### TASK TO COMPLETE
Your output should be the lines below from the one with "Common Hedgehog" through the one with "Xpert Seo Team", copied exactly, pictures excluded.
MATERIAL FOR THIS EXERCISE Start Marker
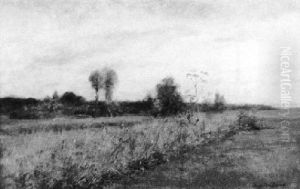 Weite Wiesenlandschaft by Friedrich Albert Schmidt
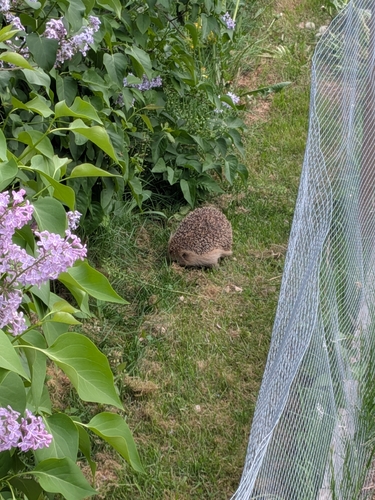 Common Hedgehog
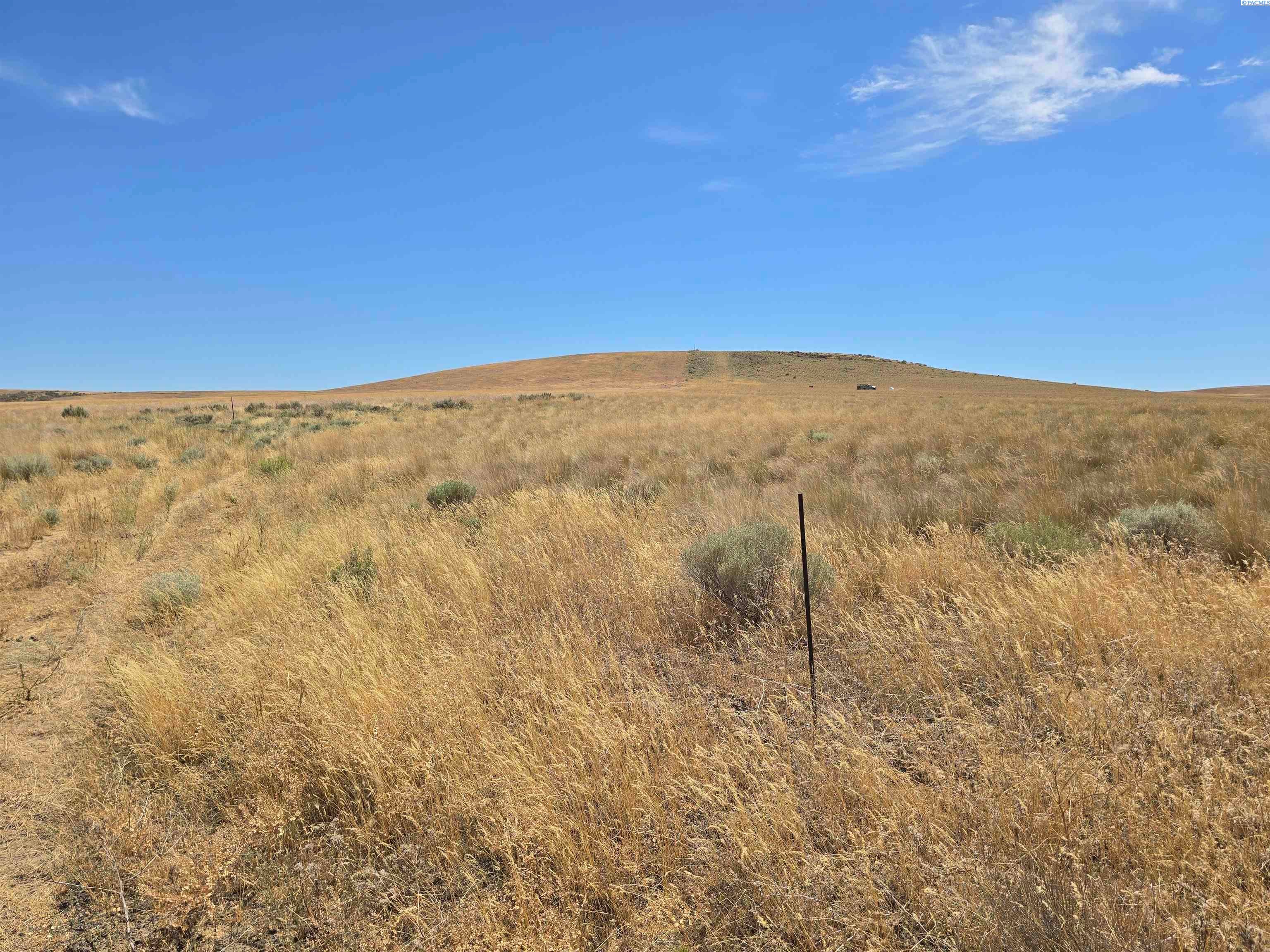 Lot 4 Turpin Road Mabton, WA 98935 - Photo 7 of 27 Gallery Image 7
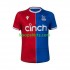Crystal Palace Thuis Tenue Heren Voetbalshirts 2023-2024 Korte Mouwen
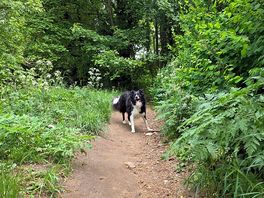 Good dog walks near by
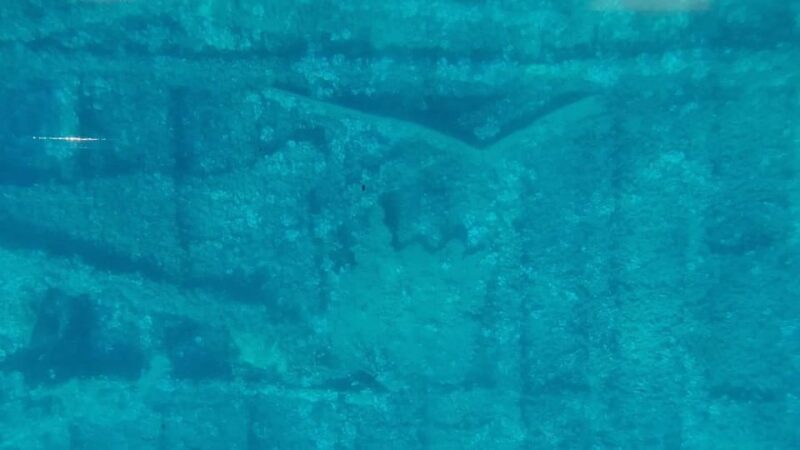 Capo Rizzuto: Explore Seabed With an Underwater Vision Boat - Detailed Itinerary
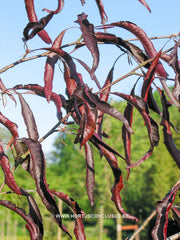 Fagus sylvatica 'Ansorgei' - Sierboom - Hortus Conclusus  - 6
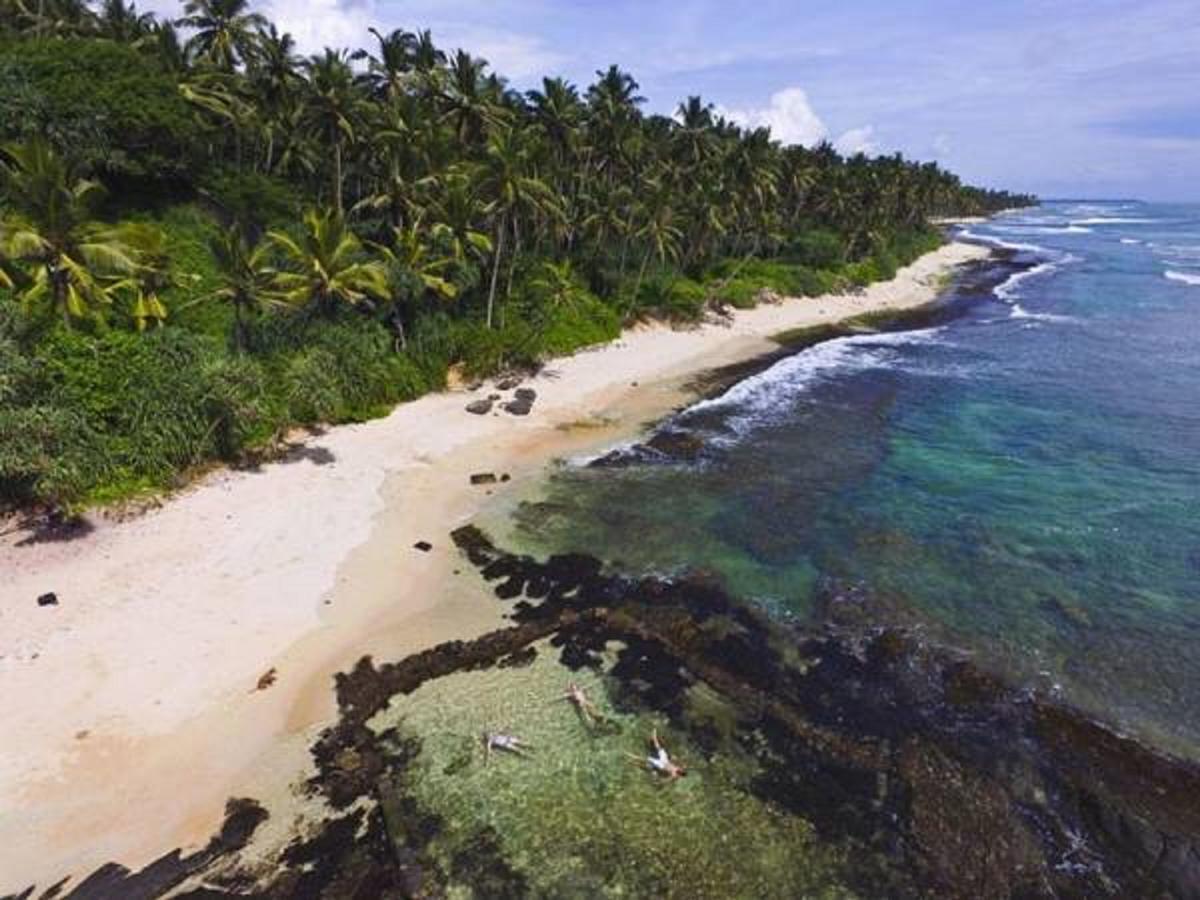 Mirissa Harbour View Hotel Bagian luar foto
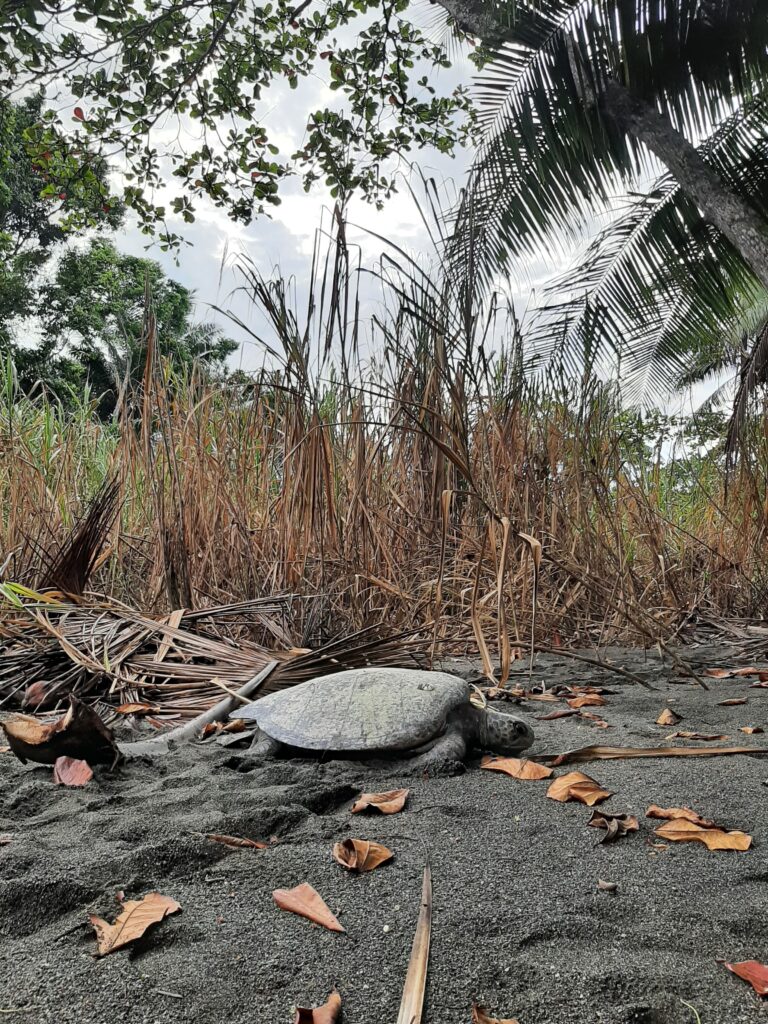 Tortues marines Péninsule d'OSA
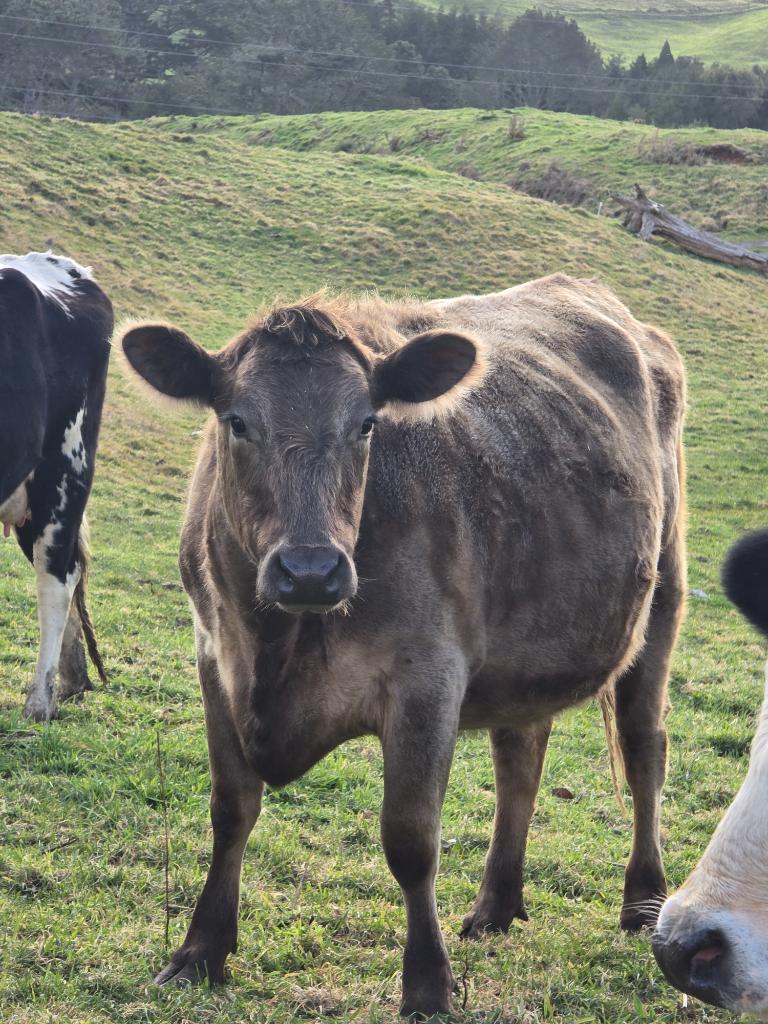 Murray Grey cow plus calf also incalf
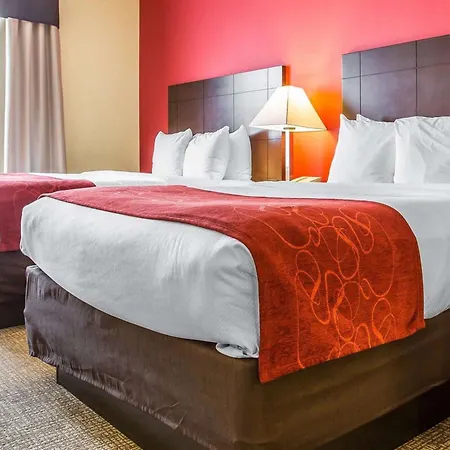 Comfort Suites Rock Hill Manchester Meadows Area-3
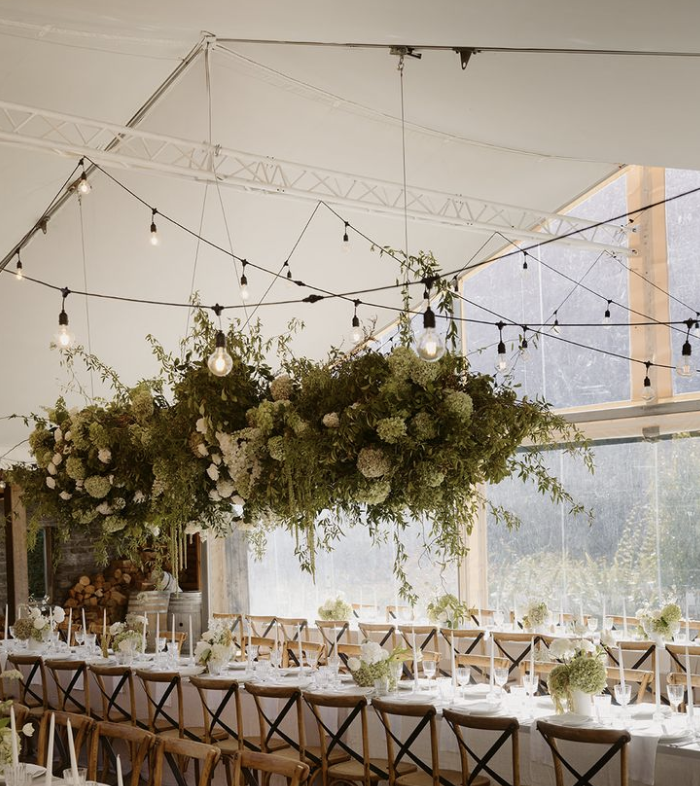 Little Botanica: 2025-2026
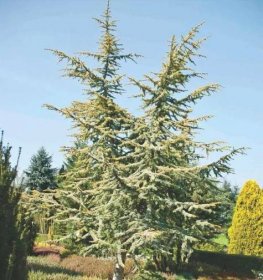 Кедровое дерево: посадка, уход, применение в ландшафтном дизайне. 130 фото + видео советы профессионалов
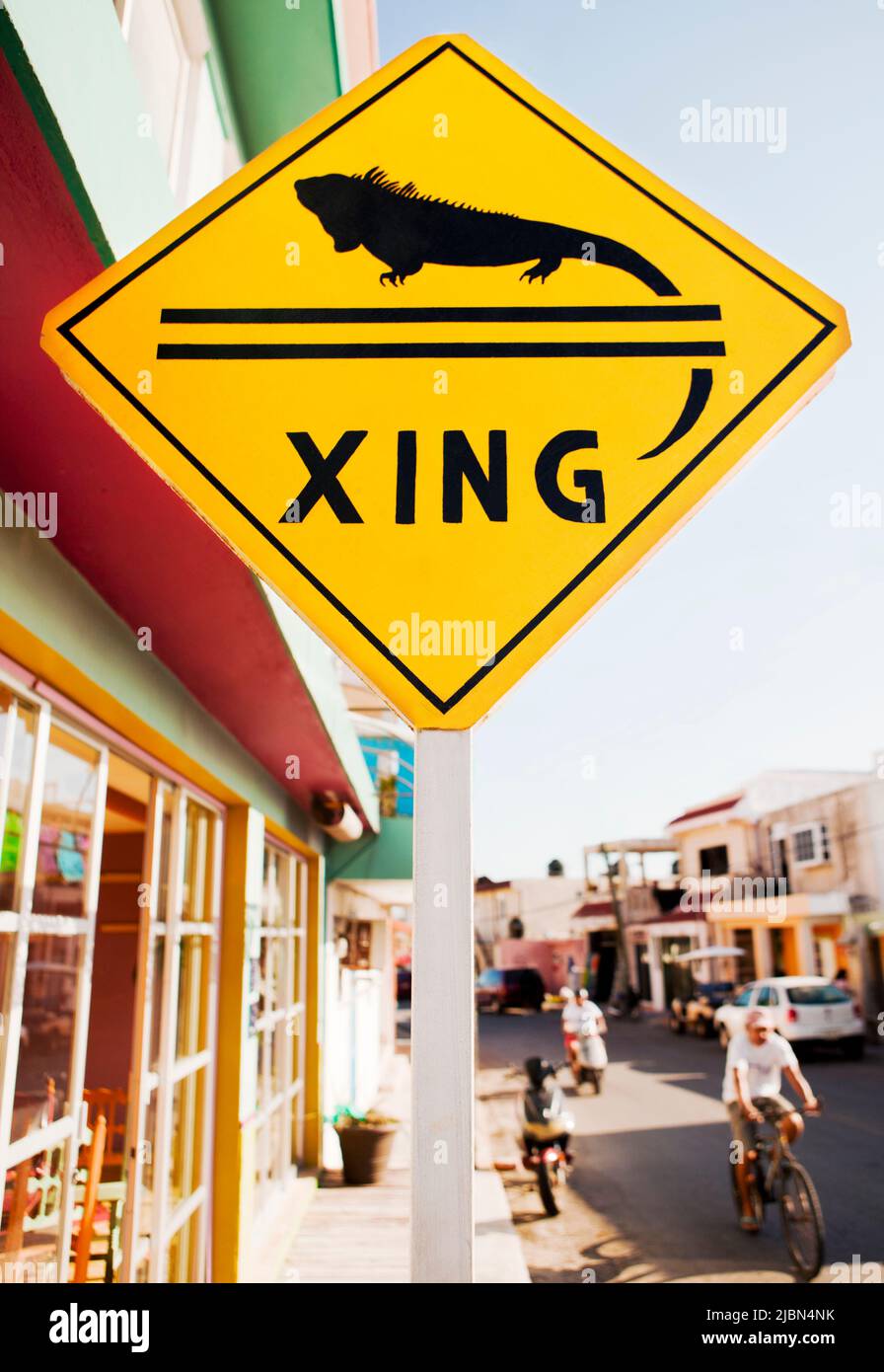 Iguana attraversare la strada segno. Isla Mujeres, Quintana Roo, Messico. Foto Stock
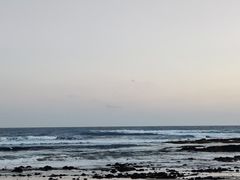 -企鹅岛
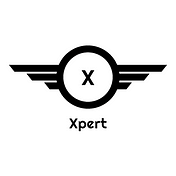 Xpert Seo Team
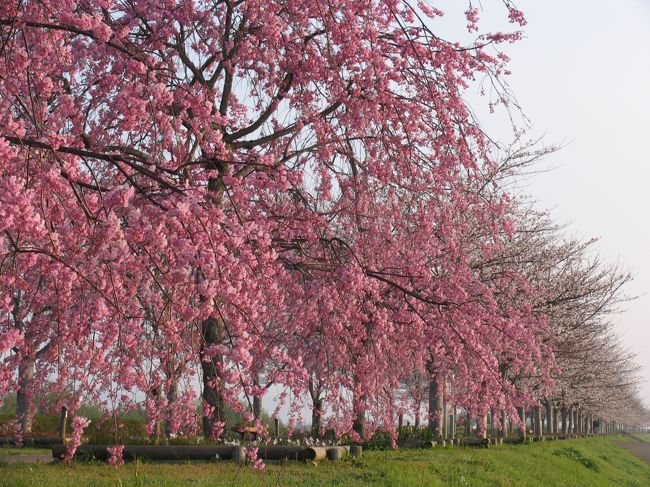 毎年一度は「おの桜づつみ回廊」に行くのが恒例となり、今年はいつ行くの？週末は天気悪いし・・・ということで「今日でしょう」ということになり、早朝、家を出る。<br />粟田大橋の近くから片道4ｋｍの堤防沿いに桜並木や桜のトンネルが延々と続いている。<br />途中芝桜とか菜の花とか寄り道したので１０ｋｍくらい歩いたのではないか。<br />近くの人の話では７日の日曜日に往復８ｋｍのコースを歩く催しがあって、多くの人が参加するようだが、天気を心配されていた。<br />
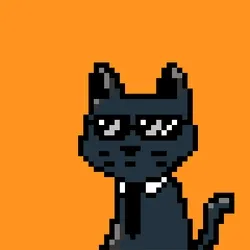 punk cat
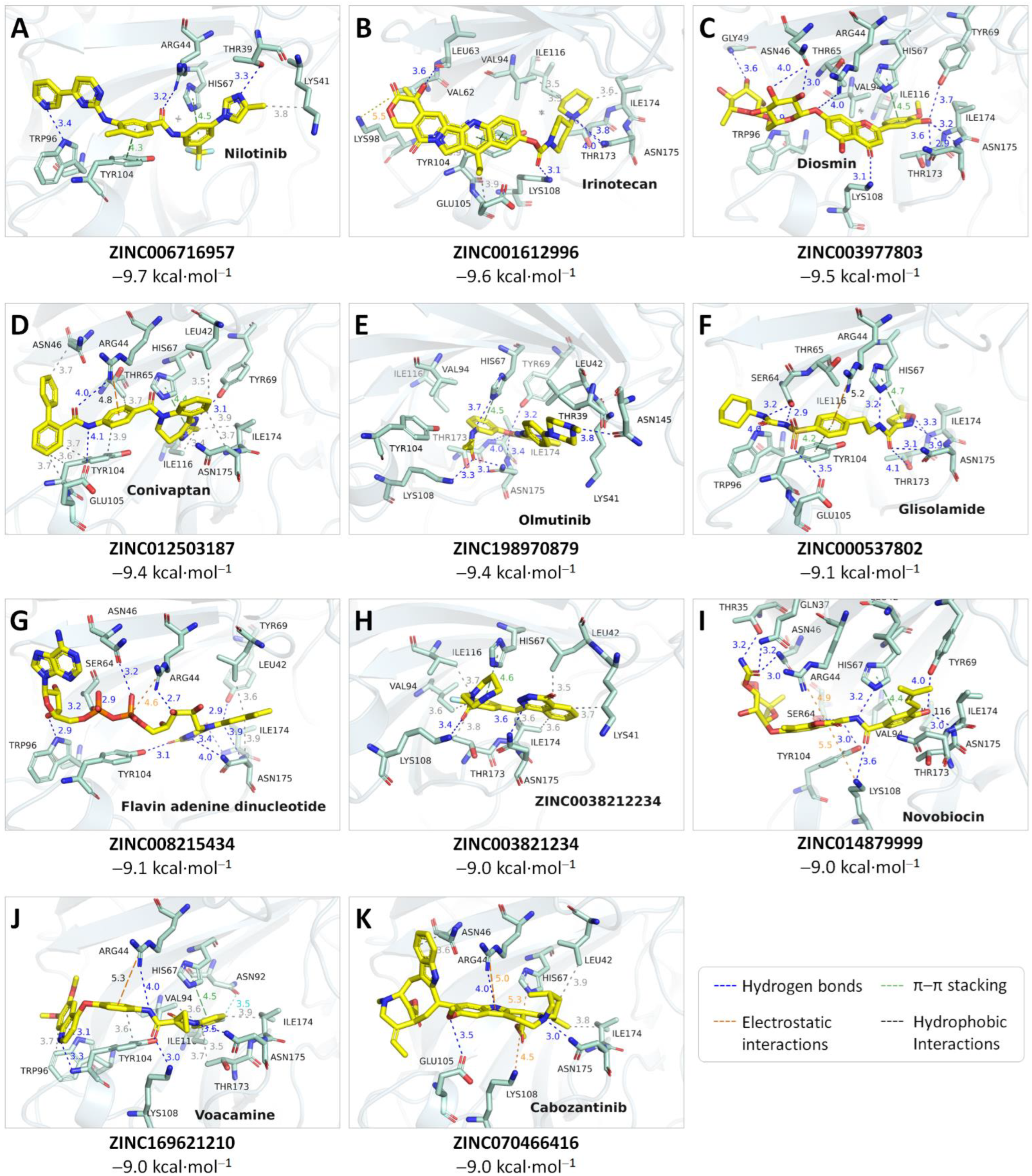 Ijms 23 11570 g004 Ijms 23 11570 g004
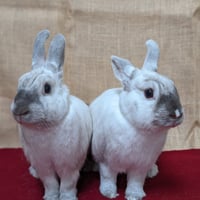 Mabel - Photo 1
MATERIAL FOR THIS EXERCISE End Marker
### YOUR RESPONSE
 Common Hedgehog
 Lot 4 Turpin Road Mabton, WA 98935 - Photo 7 of 27 Gallery Image 7
Crystal Palace Thuis Tenue Heren Voetbalshirts 2023-2024 Korte Mouwen
 Good dog walks near by
 Capo Rizzuto: Explore Seabed With an Underwater Vision Boat - Detailed Itinerary
 Fagus sylvatica 'Ansorgei' - Sierboom - Hortus Conclusus  - 6
 Mirissa Harbour View Hotel Bagian luar foto
 Tortues marines Péninsule d'OSA
 Murray Grey cow plus calf also incalf
 Comfort Suites Rock Hill Manchester Meadows Area-3
 Little Botanica: 2025-2026
 Кедровое дерево: посадка, уход, применение в ландшафтном дизайне. 130 фото + видео советы профессионалов
 Iguana attraversare la strada segno. Isla Mujeres, Quintana Roo, Messico. Foto Stock
 -企鹅岛
 Xpert Seo Team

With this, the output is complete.